Monday, March 7, 2011

First Steps

Tomorrow my oldest daughter, Jessica, is turning 27. It is hard for me to believe that it has been that long since I first held her in my arms. I will never forget the overwhelming feeling I felt as I looked at her. I was absolutely sure for the first time in my life I had witnessed a miracle. Jessica scored a perfect 10 on her Apgar screening test!! It was clear that I was not the most favored patient in that hospital that day, but when this score was announced, all of the nurses came in to see my perfect, bright-eyed baby girl. I was so proud and amazed!! This is the moment that I first really felt the way God loves me.

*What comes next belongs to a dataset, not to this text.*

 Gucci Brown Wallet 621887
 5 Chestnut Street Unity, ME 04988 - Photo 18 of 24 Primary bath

In the next few days after spending some time with my daughter, I found myself thanking God. I think at that point in my life, I probably thanked God a few times a year, but it was not a regular practice. I was thanking Him for sending me this beautiful gift from heaven even though I knew that several years ago, I had walked away from Him. I could not believe that He had given me such a beautiful daughter. Grace is getting what you don't deserve.

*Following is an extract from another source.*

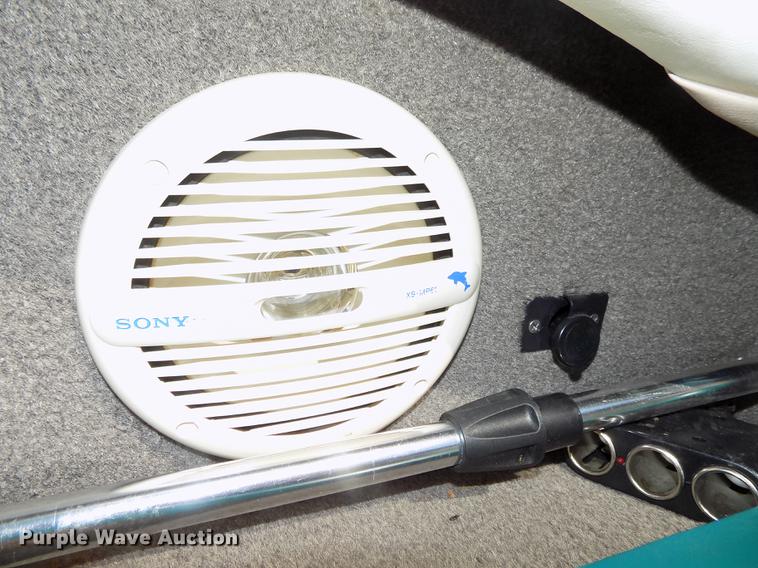 image for item DB8662 1996 Rinker Captiva 192 boat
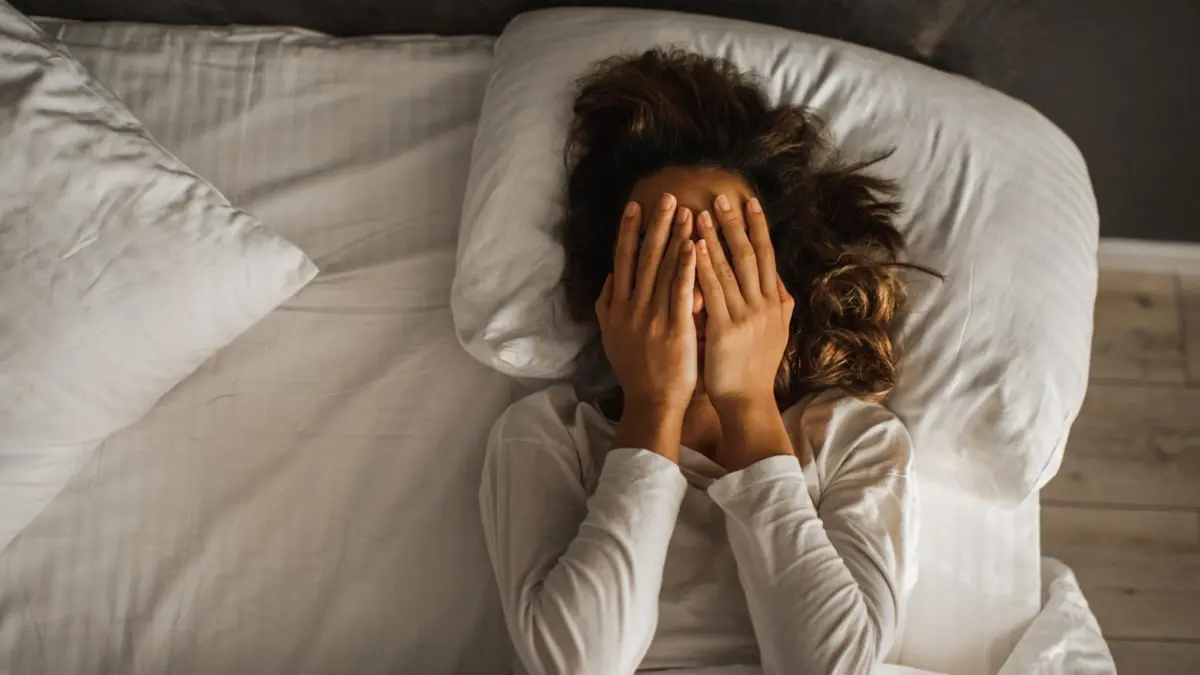 دراسة: النوم في عطلة نهاية الأسبوع مرتبط بانخفاض أعراض الاكتئاب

In my early teenage years, I began to justify what I knew was sin in my life. I said things to myself like; "The bible was for people long ago. We live in a new generation with different rules." Although I still called myself a Christian, I did not depend on God, did not care much about His protective standards and I was convinced that I knew it all --- my way was the best way. When I held Jessica in my arms, I realized that my plans had lead me to a place of sheer terror. I started to comprehend that God had given me the bible to guide my life, not to control me but to protect me from danger.

Although I loved my little girl with all of my heart, I had no idea how I would provide for her and give her security and a home. My plan to marry her father had fallen through and I was left to support her on my own. In my fearful place, I recommitted my life to the Lord and acknowledged that things were happening that I did not plan on and I was not sure how to go forward. I wanted to be a good mother. I knew that I was not prepared for it and I needed God's help. I told God I was sorry for not following Him, and began to see God help me in my life.

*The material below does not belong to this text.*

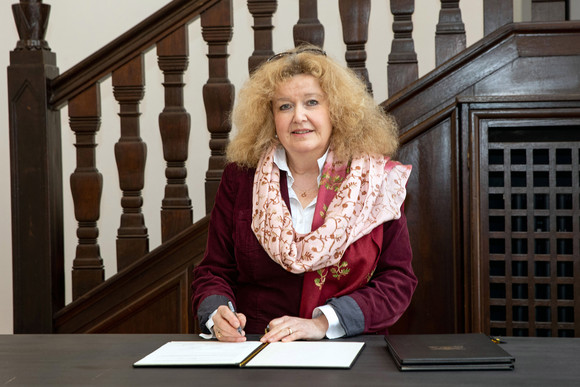 Vertragsunterzeichnung Schutz jüdischer Einrichtungen und Abwehr von Antisemitismus Prof. Barbara Traub, Vorsitzende der Israelitischen Religionsgemeinschaft Württemberg, bei der Vertragsunterzeichnung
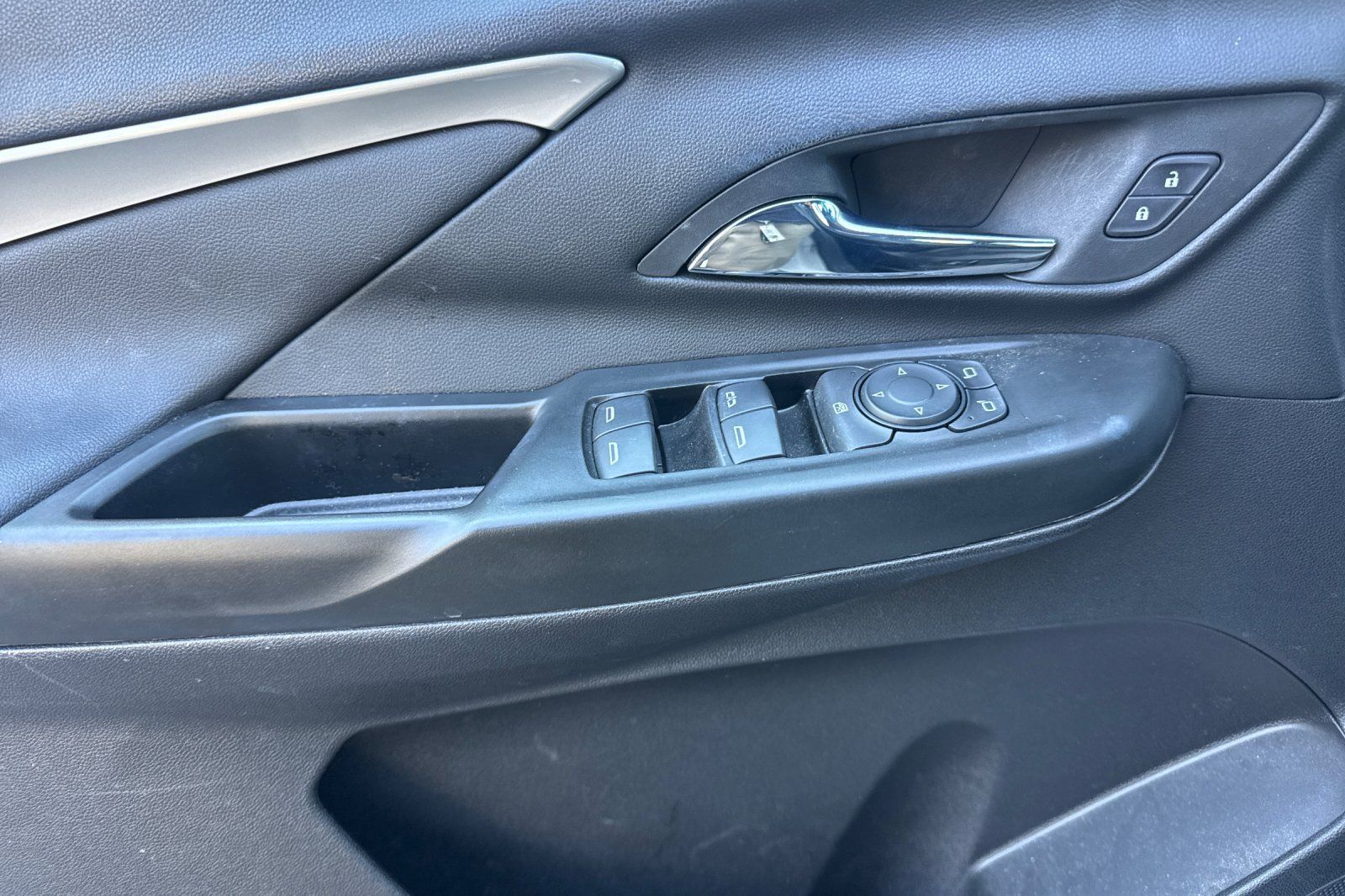Used 2023 Chevrolet Bolt LT w/ Infotainment Package FWD image 12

Parenting Jessica helped me to comprehend a little bit how God loves me. The love that I had for her was so deep and unconditional. It was protective. It was never-ending. I could not get enough of watching her. I wanted all of the best in life for her. For the first time, I realized that I was willing to lay my life down for someone and this helped me to understand what Jesus had done for me.

So, in those moments when I was watching her, I remember thinking that God is watching me. He is delighting in the things I am doing. He wants the best for me. He loves me no matter what I do. And He had been doing this for all of my life! This was revolutionary in changing my knowledge of God into a relationship with Him.

It took many years for me to completely surrender my life and my plans to the Lord. I made many mistakes in the process and I still make mistakes. But, Jessica was the person that God used in my life to draw my heart back to Him. John 6:44 says; "No one can comes to Me (Jesus) unless the Father who sent Me draws him..." This was the moment that God drew me to Jesus. I wonder if you can remember a moment He was drawing you?

Several years ago, I wrote a poem to my daughter. I think it was for her 14th birthday. I will never forget the last line. It says; "Within the eyes of Jessie, I saw the promised land. And in her smile and laughter, God held me in His hand."